Work order> Copy all entries exactly.

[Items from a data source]
──────────────────────────────

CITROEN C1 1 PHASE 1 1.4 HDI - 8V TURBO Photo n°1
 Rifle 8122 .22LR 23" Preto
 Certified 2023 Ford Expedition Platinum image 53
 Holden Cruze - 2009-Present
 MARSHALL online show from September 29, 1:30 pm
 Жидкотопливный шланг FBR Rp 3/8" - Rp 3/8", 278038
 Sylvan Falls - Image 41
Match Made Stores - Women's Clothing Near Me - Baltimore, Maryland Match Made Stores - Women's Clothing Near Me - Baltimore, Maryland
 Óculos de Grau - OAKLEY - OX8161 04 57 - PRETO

──────────────────────────────

Result for this task>
CITROEN C1 1 PHASE 1 1.4 HDI - 8V TURBO Photo n°1
 Rifle 8122 .22LR 23" Preto
 Certified 2023 Ford Expedition Platinum image 53
 Holden Cruze - 2009-Present
 MARSHALL online show from September 29, 1:30 pm
 Жидкотопливный шланг FBR Rp 3/8" - Rp 3/8", 278038
 Sylvan Falls - Image 41
Match Made Stores - Women's Clothing Near Me - Baltimore, Maryland Match Made Stores - Women's Clothing Near Me - Baltimore, Maryland
 Óculos de Grau - OAKLEY - OX8161 04 57 - PRETO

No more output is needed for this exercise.